Regrets

Down to the last feeble days of his life, I feared the sound of my father’s voice raised in anger.  Hell, here I was an old man myself, a few months from sixty, and he could still scare me even chestalienthough a stiff breeze could have knocked him over.  He outwitted me by getting that old.  It would not have been seemly for me to have gone up to that dried up old man and knocked him flat to the ground and kicked him repeatedly as I had so deeply desired to do in my youth.  But fear breeds anger and even when he was dried up, I could still feel that heated impulse to do him grievous bodily harm down there poking at the inside of my chest like that monster in Alien.

As a youth, in my teens and in my twenties, I had also desired to knock him down and to beat him to a living pulp.  But prohibitions against raising your hand to your father are deeply interwoven in the fabric of the superego, and to top it off I was fairly certain that had I attacked with vigor, he would have felt little or no compunction, about knocking the crap out of me.  He was, throughout most of my adult life, bigger than I.  I was skin and bones and while he was too mostly all those years of laying brick and blocked had developed his shoulders and arms.

Being a male or developing male hood—or whatever you might call it—is a treacherous thing and has much more to do with the male’s relation to the father than to the mother.  He was a first born son and so was I.  We would inevitably have knocked heads, I think, even in the best of conditions.  But I burn somehow when in my mind’s eye I see, as if I am peeping through a keyhole, the old man with one of my infant brothers.  The old man holds him up on his fingers and encourages him to walk and when he does the old man reaches out and pulls down the diapers around the infants ankles and he falls, not far, because infants don’t have far to fall.

I can’t quite describe the ripping inside I still feel, as if muscle were being pealed from bone, when I think of that little spectacle.  My father laughing, the baby falling, and feeling myself torn between laughing and wanting to scream, what the hell are you doing, especially, when he would do it again and again.  And below that, just below, to feel fear at what might happen if I did scream just that: what the fuck do you think you are doing?  So the whole thing just gets wrapped up inside in an explosive ball.

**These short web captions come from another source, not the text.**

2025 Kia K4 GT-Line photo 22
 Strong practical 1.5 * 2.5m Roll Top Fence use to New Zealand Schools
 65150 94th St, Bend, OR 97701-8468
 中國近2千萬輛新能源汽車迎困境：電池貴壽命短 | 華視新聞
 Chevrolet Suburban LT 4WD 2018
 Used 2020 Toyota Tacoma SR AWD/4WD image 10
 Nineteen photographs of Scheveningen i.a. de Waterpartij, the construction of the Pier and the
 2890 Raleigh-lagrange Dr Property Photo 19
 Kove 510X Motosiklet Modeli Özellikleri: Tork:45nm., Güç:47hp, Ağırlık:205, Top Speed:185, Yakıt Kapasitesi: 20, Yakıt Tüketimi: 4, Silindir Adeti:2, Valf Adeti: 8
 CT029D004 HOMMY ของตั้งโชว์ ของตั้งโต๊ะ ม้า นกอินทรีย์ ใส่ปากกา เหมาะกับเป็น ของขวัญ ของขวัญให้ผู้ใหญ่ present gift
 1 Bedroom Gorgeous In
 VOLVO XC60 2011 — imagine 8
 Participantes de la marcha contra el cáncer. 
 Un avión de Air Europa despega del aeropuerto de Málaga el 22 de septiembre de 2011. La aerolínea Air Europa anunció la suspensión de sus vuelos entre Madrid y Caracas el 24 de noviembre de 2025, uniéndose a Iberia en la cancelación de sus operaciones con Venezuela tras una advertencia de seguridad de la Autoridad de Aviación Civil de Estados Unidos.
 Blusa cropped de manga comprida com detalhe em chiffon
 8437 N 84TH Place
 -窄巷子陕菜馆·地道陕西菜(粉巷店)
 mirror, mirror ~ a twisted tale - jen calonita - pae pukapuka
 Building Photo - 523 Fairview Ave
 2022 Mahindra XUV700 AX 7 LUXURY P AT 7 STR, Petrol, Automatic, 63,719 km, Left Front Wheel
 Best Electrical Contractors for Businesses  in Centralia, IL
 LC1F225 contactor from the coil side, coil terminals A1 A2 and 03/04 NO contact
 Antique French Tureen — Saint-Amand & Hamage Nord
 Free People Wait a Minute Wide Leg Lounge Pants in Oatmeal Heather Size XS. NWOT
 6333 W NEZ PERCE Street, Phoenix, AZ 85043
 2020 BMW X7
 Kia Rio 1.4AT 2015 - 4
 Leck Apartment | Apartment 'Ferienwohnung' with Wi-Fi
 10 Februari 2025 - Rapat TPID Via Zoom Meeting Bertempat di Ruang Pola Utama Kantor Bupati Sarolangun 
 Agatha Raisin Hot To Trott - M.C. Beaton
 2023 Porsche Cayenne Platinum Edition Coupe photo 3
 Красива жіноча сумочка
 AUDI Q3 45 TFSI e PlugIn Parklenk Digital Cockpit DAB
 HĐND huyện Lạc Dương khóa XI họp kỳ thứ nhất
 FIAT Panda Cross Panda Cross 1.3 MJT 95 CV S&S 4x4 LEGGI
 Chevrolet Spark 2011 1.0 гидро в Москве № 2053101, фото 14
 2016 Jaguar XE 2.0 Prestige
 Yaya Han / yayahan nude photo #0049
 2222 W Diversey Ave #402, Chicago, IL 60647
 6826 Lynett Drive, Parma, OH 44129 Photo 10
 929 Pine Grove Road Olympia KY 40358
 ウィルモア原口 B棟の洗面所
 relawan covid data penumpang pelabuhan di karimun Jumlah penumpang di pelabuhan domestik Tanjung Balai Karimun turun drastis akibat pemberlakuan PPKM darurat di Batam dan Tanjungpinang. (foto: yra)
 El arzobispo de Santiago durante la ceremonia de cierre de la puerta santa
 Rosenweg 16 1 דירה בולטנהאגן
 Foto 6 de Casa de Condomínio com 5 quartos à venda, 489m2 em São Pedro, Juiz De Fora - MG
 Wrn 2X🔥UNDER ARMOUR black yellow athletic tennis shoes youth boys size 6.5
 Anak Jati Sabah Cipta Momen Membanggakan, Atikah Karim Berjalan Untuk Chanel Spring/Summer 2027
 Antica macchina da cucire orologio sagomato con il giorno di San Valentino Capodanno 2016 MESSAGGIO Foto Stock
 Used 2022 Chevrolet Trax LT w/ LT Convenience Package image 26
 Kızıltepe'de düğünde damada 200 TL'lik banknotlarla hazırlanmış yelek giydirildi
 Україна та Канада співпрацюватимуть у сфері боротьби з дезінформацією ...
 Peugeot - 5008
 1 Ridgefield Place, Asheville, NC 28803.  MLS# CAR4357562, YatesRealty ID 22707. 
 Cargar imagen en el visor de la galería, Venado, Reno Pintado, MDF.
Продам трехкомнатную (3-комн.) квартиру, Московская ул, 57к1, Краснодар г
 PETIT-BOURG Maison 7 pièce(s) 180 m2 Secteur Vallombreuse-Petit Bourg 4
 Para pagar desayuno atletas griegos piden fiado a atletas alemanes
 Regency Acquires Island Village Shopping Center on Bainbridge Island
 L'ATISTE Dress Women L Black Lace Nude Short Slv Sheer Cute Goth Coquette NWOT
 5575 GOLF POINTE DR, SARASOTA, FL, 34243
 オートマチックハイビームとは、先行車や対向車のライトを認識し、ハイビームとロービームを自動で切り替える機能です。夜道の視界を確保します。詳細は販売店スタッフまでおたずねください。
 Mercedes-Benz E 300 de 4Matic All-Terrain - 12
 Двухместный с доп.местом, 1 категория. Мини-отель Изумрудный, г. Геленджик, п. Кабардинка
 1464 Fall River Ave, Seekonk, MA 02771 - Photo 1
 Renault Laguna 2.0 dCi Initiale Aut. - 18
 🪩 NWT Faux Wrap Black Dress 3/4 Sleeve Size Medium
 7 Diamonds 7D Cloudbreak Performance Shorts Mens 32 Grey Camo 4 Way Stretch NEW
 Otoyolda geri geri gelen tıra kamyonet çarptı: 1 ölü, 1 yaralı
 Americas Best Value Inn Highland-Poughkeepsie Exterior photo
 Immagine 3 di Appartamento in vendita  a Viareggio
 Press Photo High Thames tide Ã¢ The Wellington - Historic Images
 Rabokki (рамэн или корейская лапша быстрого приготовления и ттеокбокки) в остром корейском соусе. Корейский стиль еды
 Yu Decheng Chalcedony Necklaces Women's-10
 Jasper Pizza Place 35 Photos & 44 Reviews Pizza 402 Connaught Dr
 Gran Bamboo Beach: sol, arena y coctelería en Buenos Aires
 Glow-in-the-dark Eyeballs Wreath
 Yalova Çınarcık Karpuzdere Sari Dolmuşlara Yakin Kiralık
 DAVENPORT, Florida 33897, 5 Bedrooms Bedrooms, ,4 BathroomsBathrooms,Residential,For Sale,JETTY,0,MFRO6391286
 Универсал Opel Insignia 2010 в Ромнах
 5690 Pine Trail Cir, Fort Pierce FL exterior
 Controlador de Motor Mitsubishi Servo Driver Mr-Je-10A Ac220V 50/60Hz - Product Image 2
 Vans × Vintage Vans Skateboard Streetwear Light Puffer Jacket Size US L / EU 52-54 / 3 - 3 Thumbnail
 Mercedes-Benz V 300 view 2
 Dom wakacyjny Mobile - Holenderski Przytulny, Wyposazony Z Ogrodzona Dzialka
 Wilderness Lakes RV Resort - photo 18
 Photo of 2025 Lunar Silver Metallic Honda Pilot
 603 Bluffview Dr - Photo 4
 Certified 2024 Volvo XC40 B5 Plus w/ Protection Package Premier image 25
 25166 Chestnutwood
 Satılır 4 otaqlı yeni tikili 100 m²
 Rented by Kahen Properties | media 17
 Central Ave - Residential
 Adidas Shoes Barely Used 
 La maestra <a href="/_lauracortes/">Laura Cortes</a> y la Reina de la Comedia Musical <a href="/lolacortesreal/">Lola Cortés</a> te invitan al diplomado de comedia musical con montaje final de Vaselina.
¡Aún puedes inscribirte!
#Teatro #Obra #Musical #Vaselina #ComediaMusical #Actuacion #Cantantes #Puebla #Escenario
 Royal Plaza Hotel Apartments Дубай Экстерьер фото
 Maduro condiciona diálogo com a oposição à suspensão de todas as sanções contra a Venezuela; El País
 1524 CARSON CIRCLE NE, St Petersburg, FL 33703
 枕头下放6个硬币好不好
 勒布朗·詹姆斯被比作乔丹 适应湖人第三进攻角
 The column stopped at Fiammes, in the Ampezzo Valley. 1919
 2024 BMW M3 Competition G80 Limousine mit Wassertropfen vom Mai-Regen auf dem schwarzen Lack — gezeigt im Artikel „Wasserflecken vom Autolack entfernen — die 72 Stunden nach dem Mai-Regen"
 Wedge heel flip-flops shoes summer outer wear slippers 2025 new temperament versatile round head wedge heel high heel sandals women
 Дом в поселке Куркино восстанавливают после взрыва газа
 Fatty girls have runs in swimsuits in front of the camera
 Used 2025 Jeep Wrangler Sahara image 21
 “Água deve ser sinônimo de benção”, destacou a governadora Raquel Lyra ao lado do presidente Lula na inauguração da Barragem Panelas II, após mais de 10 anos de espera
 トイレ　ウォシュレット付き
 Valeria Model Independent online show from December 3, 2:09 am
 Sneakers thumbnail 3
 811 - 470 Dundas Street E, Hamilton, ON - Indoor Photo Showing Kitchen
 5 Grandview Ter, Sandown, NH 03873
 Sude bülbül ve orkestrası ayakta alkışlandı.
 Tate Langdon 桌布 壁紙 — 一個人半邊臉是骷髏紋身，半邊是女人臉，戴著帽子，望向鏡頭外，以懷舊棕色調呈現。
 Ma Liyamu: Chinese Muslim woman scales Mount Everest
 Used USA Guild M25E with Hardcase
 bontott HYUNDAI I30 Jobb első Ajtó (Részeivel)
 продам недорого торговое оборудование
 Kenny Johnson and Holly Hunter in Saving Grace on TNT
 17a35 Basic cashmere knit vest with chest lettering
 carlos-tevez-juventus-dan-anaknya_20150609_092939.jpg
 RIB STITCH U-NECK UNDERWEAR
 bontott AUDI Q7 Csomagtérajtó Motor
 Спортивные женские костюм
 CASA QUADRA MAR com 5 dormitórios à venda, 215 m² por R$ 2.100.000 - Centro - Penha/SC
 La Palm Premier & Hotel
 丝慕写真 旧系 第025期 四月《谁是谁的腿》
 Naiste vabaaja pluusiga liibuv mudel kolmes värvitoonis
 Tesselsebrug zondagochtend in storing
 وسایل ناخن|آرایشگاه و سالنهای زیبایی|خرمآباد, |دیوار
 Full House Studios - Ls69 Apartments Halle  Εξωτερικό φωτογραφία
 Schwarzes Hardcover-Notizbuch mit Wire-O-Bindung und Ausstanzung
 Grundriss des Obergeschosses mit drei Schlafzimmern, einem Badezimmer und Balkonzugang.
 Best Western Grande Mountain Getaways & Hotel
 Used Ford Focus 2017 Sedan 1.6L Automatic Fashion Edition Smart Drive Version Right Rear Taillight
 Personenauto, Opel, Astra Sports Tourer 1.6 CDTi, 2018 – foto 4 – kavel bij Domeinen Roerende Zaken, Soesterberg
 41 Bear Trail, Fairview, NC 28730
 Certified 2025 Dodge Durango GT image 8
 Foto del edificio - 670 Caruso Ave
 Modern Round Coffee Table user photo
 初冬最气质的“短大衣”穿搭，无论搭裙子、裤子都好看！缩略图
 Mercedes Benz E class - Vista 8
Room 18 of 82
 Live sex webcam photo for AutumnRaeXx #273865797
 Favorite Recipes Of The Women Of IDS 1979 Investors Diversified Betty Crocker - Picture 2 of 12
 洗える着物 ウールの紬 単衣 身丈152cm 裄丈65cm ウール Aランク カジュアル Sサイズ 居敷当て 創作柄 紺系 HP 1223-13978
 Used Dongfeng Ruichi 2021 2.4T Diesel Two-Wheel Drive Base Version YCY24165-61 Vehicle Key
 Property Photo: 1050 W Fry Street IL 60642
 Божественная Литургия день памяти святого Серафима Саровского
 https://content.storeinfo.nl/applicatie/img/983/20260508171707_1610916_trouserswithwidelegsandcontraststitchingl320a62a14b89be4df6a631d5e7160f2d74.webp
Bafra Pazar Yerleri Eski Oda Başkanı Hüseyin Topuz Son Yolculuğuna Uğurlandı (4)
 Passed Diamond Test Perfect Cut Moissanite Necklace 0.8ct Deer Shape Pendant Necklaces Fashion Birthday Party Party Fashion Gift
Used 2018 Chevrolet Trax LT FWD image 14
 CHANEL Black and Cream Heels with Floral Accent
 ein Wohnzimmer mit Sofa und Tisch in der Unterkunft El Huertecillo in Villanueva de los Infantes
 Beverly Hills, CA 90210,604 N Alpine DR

When I mentioned to a kindly friend that my father was on the verge of death she said be sure not to leave things unsaid.  Have you said what you have wanted to say, have you asked the questions you wanted to ask, because if you don’t it feels terrible if later there were things you wanted to say and wanted to ask?  I assured her that I had asked all the questions I wanted to ask. I did not say that the only thing I had not done that I was sure I would regret upon his death was that I had not beaten the living crap out of him while I still had the opportunity.

Some day I hope not to feel that and I will be all the better for it.